Those who’ve been in regular dialog with me for some time now know that I have a long-running issue with creeds or statements of faith. To some extent my issue is with the concept itself–that a creed seems often to be used to define who’s “in,” or more particularly who’s “out” of fellowship with a group, a deity, a religion. While I freely acknowledge my own inconsistencies here, it seems to me a proper understanding of the sovereignty of God would necessitate a certain humility of the sort that would say “this is what I believe I understand to be true, but the final arbiter of faith and faithfulness can be God alone.” Not content with that, humans seem to have expended a lot of effort over the years trying to draw clear “lines in the sand” delineating who’s got it and who’s not.
The word “creed,” of course, comes from the Latin “credo” which simply means “I believe.” So at its simplest a creed is simply a summary of those things an individual or group believes to be true. Depending on what follows the “I believe” statement, however, a creed can–and often has–become a list of what is important to the particular believer(s) to the effectual exclusion of those things not on the list.

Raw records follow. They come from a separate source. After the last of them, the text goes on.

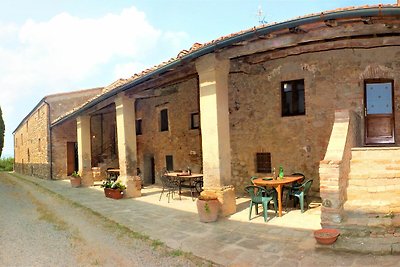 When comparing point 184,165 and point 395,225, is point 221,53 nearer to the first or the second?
point 395,225

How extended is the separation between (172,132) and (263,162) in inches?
186

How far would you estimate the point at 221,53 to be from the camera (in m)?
7.10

At its worst, then (and here I’m speaking strictly of Christianity, though I am sure similar things can be said in and of other faiths), subscribing to a creed may tend toward a form of reductionism whereby any concerns not on the list–however relevant or scriptural–are excluded as of lesser (or no) import.
Creeds need not be reductionist. The only creed that we have recorded in the Gospels as being endorsed by Jesus himself is simple, yet all-encompassing:
Hear, o Israel! The Lord our God, the Lord is one!

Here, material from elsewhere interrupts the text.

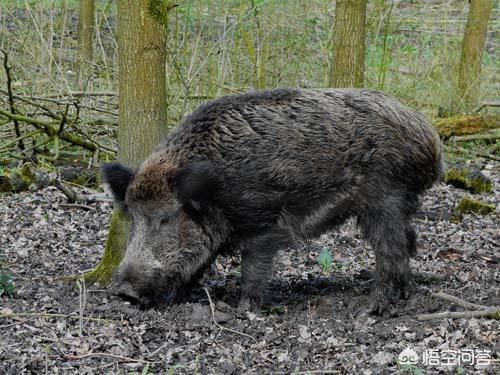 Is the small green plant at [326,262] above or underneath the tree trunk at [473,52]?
underneath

You shall love the Lord your God with all your heart, with all your soul, with all your mind, and with all your strength. . .and you shall love your neighbor as yourself.

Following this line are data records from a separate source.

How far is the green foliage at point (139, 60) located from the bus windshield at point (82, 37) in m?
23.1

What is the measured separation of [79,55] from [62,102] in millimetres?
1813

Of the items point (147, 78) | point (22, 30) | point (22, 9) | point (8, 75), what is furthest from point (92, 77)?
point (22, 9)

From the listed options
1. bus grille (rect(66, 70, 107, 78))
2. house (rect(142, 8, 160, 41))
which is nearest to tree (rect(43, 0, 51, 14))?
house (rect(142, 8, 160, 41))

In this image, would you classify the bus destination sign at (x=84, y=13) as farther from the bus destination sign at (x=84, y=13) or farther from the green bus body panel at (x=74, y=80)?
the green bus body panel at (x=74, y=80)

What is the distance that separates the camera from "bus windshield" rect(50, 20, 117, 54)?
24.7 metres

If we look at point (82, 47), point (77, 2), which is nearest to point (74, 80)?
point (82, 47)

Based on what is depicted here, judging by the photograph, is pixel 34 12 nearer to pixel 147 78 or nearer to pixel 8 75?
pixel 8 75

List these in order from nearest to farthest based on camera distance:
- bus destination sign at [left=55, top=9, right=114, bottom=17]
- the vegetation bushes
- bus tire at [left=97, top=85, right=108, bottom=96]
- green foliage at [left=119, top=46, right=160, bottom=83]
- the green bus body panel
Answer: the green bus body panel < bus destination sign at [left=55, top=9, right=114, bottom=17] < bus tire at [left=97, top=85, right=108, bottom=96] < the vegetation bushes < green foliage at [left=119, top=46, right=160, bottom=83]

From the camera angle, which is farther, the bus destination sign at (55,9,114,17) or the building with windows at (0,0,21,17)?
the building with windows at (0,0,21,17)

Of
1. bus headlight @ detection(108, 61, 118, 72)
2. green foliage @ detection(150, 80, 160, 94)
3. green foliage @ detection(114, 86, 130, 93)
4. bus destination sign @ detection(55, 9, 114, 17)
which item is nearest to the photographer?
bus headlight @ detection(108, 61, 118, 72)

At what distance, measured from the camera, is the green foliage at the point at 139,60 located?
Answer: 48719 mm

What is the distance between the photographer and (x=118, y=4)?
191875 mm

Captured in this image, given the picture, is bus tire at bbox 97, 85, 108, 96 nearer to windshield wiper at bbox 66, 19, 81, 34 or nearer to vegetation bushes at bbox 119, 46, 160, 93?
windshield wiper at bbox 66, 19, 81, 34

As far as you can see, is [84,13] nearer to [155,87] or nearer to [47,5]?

I have represented this as a creed, and yet that’s not entirely accurate. Jesus actually spoke these words (quoting from the Hebrew scriptures), not in terms of “what should we believe?” but rather “what is the greatest commandment?” This difference is actually quite important, because particularly in our current definitions of faith, “believe” is something one does in one’s head, while a “commandment” implies action. In fact, the love of God and neighbor are necessarily active things that cannot exist in an intellectual vacuum apart from deeds and lifestyle. This is vitally different from, for example, the statement of faith recently adopted by the denomination of the church I currently attend. Have a look at this fairly-typical evangelical statement of faith here. Interestingly, nearly all of the points in this statement, and certainly all of the specifics, involve propositions to which one must give intellectual assent to be a member in good standing. Very little is said about the way one might live as a believer, and what is said is in the most generic of terms. (To those who would suggest I’m selling the church short by oversimplifying its SOF I would add that in my personal experience, I have been excluded from certain opportunities to serve based solely upon my failure to give assent to points in that statement about which we can do nothing EXCEPT agree or disagree intellectually)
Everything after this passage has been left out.